For instance, heating systems can be controlled through a smart phone application which is typically through a web interface. Many IoT devices are based on Wi-Fi technology to link them together, as well as connecting them to wireless access points that in turn connect to the web.
Shodan is essentially a search engine but rather than find web pages it identifies devices that are connected to the internet.
It’s estimated to find about 500,000 of these smart connected devices every month. These devices can range from a smoke alarm which remotely notifies a user if it is activated to a command and control system for a nuclear power plant.
As you can see Shodan doesn’t discriminate, it picks up all sorts of devices from the mundane to the frightening, such as SCADA devices which control critical national infrastructure.
So what has BullGuard’s free IoT scanner got to do with this? Well, if you have a smart TV for instance, smart lighting, or a media hub, it might well have been detected by Shodan.
If it has been identified it will also be listed. This listing will include a lot of technical information about the device including how it is connected to the internet. Unfortunately security on IoT devices is somewhat lacking and setting them up can be complex.
BullGuard has produced a free IoT Consumer Guide which is a handy backgrounder on IoT but perhaps more importantly also provides some invaluable information on how to secure your smart devices.
To explain how smart devices such as light switches, light bulbs, outlets, speakers, cameras, door locks, thermostats, alarms, and so on are configured on a wireless network is complicated.
This reflects the fact that a relatively high level of technical expertise is required to actually configure a smart device as a ‘client’ on a user’s network.
Because many people understandably don’t have this level of technical expertise the devices are not actually configured to the wireless network. This makes the device visible to everyone in broadcast range so it’s perfectly possible for an outsider to control the device.

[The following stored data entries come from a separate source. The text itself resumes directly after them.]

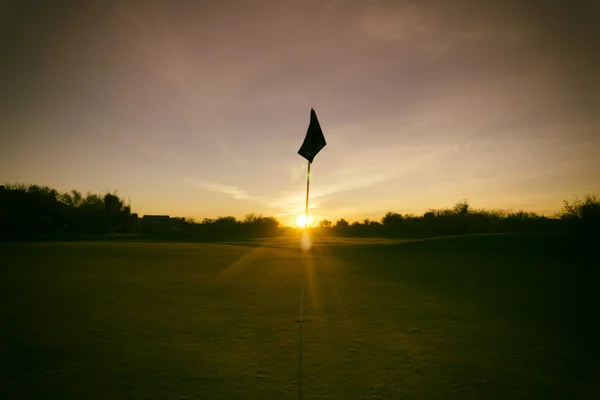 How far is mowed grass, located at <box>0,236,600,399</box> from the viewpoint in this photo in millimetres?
4023

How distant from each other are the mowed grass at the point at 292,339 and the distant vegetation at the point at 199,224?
2131 centimetres

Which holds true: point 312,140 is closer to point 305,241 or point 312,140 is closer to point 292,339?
point 305,241

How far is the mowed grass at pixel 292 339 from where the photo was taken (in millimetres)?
4023

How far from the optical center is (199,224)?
224 feet

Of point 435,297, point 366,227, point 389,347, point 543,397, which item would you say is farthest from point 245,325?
point 366,227

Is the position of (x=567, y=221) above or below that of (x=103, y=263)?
above

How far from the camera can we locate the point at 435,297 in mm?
9773

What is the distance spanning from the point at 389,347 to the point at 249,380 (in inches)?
96.7

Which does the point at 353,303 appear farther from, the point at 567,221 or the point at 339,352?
the point at 567,221

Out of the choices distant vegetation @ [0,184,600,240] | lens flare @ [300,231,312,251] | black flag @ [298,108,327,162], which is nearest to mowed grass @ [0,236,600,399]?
lens flare @ [300,231,312,251]

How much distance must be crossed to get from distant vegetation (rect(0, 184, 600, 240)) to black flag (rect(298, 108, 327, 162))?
24.2m

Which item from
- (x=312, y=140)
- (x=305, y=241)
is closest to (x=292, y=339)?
(x=305, y=241)

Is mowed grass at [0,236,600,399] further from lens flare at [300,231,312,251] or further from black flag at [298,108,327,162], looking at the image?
black flag at [298,108,327,162]

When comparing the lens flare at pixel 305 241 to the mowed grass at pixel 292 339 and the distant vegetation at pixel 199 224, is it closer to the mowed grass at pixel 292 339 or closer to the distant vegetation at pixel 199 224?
the mowed grass at pixel 292 339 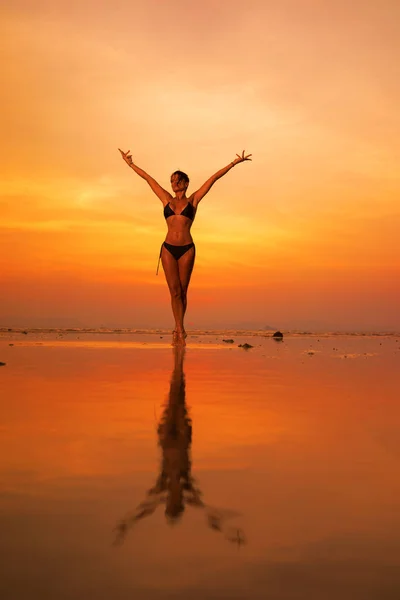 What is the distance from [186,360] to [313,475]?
909cm

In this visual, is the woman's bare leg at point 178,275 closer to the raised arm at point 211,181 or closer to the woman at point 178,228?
the woman at point 178,228

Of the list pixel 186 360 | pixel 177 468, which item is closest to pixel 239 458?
pixel 177 468

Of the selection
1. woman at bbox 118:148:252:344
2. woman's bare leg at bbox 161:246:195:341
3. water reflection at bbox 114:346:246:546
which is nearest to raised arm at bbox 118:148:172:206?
woman at bbox 118:148:252:344

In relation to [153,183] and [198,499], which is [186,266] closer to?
[153,183]

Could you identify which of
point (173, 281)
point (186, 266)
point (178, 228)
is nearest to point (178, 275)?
point (173, 281)

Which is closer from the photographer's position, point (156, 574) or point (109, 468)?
point (156, 574)

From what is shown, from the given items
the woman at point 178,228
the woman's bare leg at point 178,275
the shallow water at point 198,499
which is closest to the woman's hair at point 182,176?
the woman at point 178,228

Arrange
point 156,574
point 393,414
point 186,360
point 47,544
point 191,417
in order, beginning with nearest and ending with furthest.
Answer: point 156,574
point 47,544
point 191,417
point 393,414
point 186,360

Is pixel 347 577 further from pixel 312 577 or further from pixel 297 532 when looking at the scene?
pixel 297 532

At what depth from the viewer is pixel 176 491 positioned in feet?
9.11

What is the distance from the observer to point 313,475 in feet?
10.2

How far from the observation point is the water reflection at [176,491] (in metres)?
2.25

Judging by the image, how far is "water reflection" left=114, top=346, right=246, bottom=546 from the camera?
2252mm

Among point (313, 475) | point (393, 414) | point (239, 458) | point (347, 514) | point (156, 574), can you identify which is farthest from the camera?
point (393, 414) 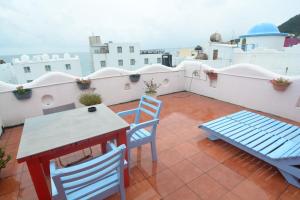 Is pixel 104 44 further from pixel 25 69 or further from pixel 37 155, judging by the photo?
pixel 37 155

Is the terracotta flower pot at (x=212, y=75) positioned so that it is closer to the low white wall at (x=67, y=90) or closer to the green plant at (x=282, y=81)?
the low white wall at (x=67, y=90)

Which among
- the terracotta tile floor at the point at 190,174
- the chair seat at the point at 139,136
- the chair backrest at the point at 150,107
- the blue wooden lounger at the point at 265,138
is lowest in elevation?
the terracotta tile floor at the point at 190,174

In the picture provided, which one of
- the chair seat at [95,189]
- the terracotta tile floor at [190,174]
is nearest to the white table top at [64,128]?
the chair seat at [95,189]

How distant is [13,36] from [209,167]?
8.91 metres

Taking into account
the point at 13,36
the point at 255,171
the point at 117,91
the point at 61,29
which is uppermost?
the point at 61,29

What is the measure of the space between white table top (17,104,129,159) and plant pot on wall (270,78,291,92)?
11.8ft

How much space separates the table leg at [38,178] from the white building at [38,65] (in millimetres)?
19521

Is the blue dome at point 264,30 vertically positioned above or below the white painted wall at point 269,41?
above

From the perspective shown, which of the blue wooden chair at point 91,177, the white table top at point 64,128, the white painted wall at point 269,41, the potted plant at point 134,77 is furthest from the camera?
the white painted wall at point 269,41

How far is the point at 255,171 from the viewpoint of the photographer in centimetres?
205

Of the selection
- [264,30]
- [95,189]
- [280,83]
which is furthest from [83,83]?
[264,30]

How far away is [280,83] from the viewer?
333cm

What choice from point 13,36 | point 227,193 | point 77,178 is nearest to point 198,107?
point 227,193

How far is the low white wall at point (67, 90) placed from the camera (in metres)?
3.58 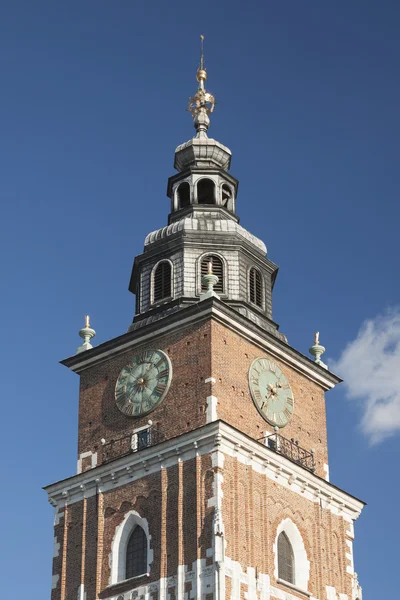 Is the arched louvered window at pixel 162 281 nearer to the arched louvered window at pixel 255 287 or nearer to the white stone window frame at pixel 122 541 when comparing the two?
the arched louvered window at pixel 255 287

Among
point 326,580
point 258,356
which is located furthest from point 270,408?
point 326,580

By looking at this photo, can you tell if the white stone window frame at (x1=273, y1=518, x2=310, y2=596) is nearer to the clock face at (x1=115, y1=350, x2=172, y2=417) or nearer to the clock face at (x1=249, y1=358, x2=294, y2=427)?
the clock face at (x1=249, y1=358, x2=294, y2=427)

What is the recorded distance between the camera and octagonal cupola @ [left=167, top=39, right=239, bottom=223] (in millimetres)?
60844

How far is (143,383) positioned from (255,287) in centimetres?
609

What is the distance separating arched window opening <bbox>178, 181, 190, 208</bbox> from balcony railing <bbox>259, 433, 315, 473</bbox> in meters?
11.4

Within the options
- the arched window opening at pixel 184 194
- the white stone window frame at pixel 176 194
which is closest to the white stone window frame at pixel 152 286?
the white stone window frame at pixel 176 194

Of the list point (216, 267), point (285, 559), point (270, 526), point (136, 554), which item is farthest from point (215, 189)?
point (136, 554)

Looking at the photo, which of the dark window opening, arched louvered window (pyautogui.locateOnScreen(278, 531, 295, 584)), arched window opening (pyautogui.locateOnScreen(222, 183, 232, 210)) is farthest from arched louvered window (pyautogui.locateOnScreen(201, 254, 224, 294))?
arched louvered window (pyautogui.locateOnScreen(278, 531, 295, 584))

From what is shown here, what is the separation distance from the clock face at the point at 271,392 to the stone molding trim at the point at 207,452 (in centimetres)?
201

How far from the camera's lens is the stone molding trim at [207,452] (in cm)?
5184

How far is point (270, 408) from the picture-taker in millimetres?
55094

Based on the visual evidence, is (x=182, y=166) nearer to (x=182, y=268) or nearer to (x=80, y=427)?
(x=182, y=268)

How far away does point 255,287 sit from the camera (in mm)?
58250

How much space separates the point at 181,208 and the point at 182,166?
8.78 feet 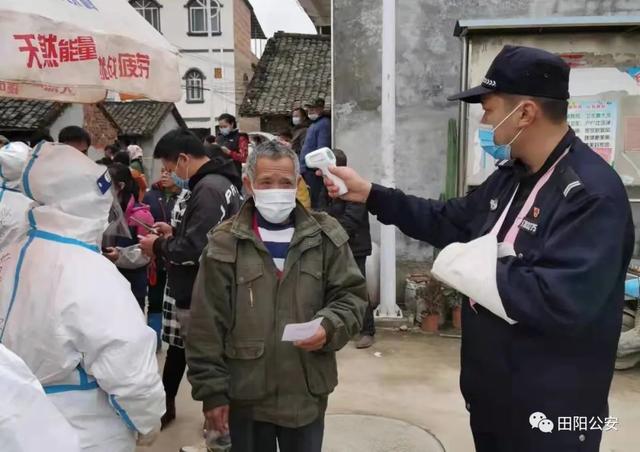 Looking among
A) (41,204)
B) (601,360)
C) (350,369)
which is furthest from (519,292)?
(350,369)

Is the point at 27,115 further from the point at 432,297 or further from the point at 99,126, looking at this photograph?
the point at 432,297

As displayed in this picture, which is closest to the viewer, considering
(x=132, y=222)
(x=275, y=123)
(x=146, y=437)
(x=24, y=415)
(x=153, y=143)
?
(x=24, y=415)

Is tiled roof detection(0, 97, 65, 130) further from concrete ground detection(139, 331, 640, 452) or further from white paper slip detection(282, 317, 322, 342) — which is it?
white paper slip detection(282, 317, 322, 342)

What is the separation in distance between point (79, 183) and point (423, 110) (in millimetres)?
4864

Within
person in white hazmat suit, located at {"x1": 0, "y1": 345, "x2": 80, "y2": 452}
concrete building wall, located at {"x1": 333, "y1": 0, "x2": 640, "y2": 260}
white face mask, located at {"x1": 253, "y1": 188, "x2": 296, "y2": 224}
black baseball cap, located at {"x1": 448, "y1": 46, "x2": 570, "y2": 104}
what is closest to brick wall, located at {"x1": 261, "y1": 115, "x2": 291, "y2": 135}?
concrete building wall, located at {"x1": 333, "y1": 0, "x2": 640, "y2": 260}

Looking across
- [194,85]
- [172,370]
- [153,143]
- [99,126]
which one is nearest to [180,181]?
[172,370]

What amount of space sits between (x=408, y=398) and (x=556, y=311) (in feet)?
9.47

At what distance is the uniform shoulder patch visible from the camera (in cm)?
180

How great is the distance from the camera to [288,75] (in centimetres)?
1958

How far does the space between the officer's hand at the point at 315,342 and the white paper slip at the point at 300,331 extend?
0.6 inches

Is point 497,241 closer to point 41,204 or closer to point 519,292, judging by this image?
point 519,292

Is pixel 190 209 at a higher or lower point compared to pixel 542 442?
higher

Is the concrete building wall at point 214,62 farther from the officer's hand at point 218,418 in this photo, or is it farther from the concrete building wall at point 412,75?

However, this is not the only vulnerability though it is a common one. There are many others such as an insecure web interface, insufficient user authentication or poor security configuration.
One of the most dangerous vulnerabilities is an open port. At its most simplest a port is the means by which one computer talks to another. Importantly a port is always associated with an IP address, and an IP address is a unique identifier for individual computers.
Because IoT device security is a bit patchwork it’s very possible that an IoT device may essentially may be sitting and listening to an open port out to the internet. This is an open port to the internet – and it’s dangerous.
Hackers can identify open ports and use it like an open door to enter your device and take control of a smart device or if it is configured on your network, actually enter your network without you having any knowledge of it.
This is like having a stranger come into your home, snoop and mooch around, and take whatever they consider valuable or ‘bookmark’ your network for a later visit.
And this is the beauty and strength of the BullGuard IoT scanner. If it finds your device on the Shodan search engine it will gather up all relevant information and send it to you, and let you know if you have an open port.
This allows you to know whether your smart device is actually vulnerable to hacking, enabling you to take the necessary steps to protect yourself.
IoT hacks – it’s happening
By 2020, it’s estimated that there will be between 20 and 30 billion connected devices on the planet. That’s an awful lot.
Unfortunately IoT introduces all the vulnerabilities of the digital world into the real world. Here are a mere handful of IoT security issues, there are many more:
- Security researchers demonstrated how they could remotely hack a 2014 Jeep Cherokee to disable its transmission and brakes. This led to Fiat recalling 1.4 million vehicles because of vulnerabilities in its network that connected cars and trucks.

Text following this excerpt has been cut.